You are viewing a plain text version of this content. The canonical link for it is here.
Posted to issues@spark.apache.org by "shane knapp (JIRA)" <ji...@apache.org> on 2015/12/18 20:17:46 UTC

[jira] [Created] (SPARK-12427) spark builds filling up jenkins' disk

shane knapp created SPARK-12427:
-----------------------------------

             Summary: spark builds filling up jenkins' disk
                 Key: SPARK-12427
                 URL: https://issues.apache.org/jira/browse/SPARK-12427
             Project: Spark
          Issue Type: Bug
          Components: Build
            Reporter: shane knapp
            Priority: Critical


problem summary:

a few spark builds are filling up the jenkins master's disk with millions of little log files as build artifacts.  

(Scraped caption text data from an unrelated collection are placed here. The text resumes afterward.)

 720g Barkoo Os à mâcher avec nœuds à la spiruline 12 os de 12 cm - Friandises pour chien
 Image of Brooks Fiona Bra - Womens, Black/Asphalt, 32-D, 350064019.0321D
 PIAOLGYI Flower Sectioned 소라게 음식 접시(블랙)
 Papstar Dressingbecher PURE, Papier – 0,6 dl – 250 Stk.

currently, we have a raid10 array set up with 5.4T of storage.  we're currently using 4.0T, 99.9% of which is spark unit test and junit logs.

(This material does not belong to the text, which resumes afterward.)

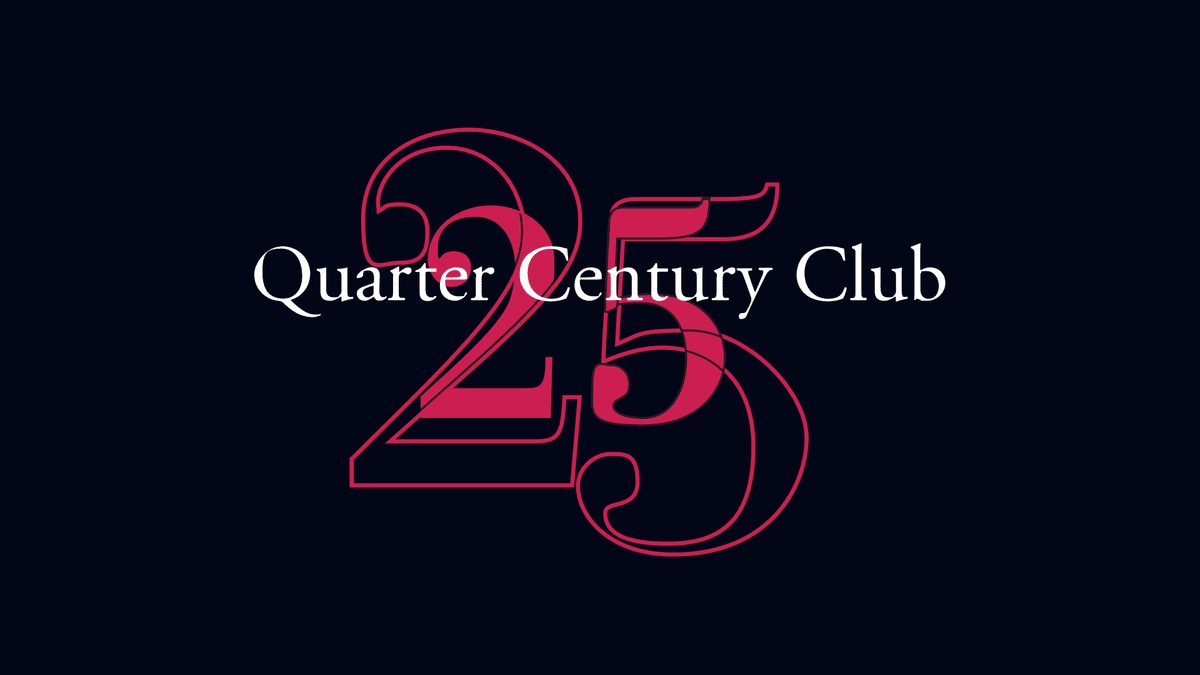 MIT Quarter Century Club institutional recognition platform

the worst offenders, with more than 100G of disk usage per job, are:
193G    ./Spark-1.6-Maven-with-YARN
194G    ./Spark-1.5-Maven-with-YARN
205G    ./Spark-1.6-Maven-pre-YARN
216G    ./Spark-1.5-Maven-pre-YARN
387G    ./Spark-Master-Maven-with-YARN
420G    ./Spark-Master-Maven-pre-YARN
520G    ./Spark-1.6-SBT
733G    ./Spark-1.5-SBT
812G    ./Spark-Master-SBT

i have attached a full report w/all builds listed as well.

each of these builds is keeping their build history for 90 days.

keep in mind that for each new matrix build, we're looking at another 200-500G per for the SBT/pre-YARN/with-YARN jobs.

a straw man, back of napkin estimate for spark 1.7 is 2T of additional disk usage.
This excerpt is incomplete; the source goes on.